Though his buildings were often quite stark and sterile in their appearance (owing largely to the science fiction of the era), they were noted for their functional style with a certain flair that made them unmistakable. He took pride in the concept of designing for the future. A great deal of Pereira's "futurist" style is owed to his longtime design collaborator James Langenheim, who had created the initial design for the Theme Building at LAX. The initials "J.L." have appeared as the designer's signature on a number of blueprints for Pereira projects including the similarly futuristic library at UC Irvine, but it is unsure if the initials are Langenheim's.

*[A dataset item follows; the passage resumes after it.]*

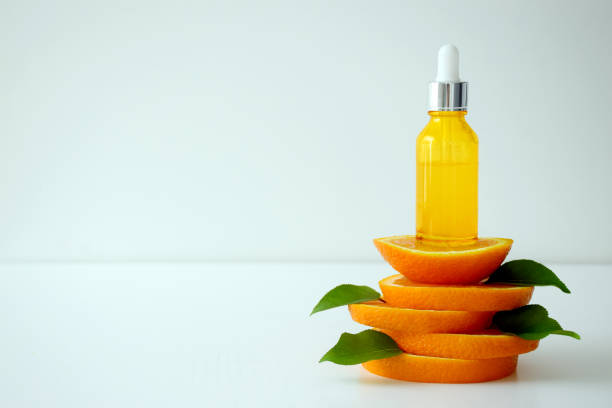 vitamin c serum und orangenfrüchte - vitamin c fotos stock-fotos und bilder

In 1949, Pereira became a professor of architecture at the University of Southern California. He then formed a partnership with fellow architect and classmate, Charles Luckman, in the early 1950s. The firm, Pereira & Luckman, grew into one of the nation's busiest. The duo designed some of Los Angeles's most well-known buildings, including the famed "Theme Building" at Los Angeles International Airport (in collaboration with Paul Williams and Welton Becket).

He parted with Luckman in 1959. Afterward, he formed the third and final company of his career, "William L. Pereira & Associates." In the 1960s and 1970s, he and his team completed over 250 projects, including drawing up the master plans for the Los Angeles International Airport expansion and developing the master plan for the 93,000 acre (376 kmĀ²) city of Irvine, California, which put his photograph on the cover of Time Magazine in September 1963. He later worked with Ian McHarg on the plan for the new town of The Woodlands, Texas.

Pereira's buildings were easily identified by their unmistakable style, often taking unusual forms such as pyramids and ziggurats. They usually projected a grand presence, heavyset in appearance and often sitting atop "pedestals" that were themselves an integral part of the building. Many of his buildings were complemented by water features and some were almost entirely surrounded by water. The Los Angeles County Museum of Art, for instance, was a complex of three Googie-esque buildings rising up out of a lake and interconnected by a series of causeways and bridges.

Pereira designed the campus plans of the University of Southern California the University of California, Irvine, and Pepperdine University.

His material of choice in creating his unique geometric forms was pre-cast concrete. Working in this medium, he could create his impressive facades by simply attaching them as panels on to the steel frame of the building.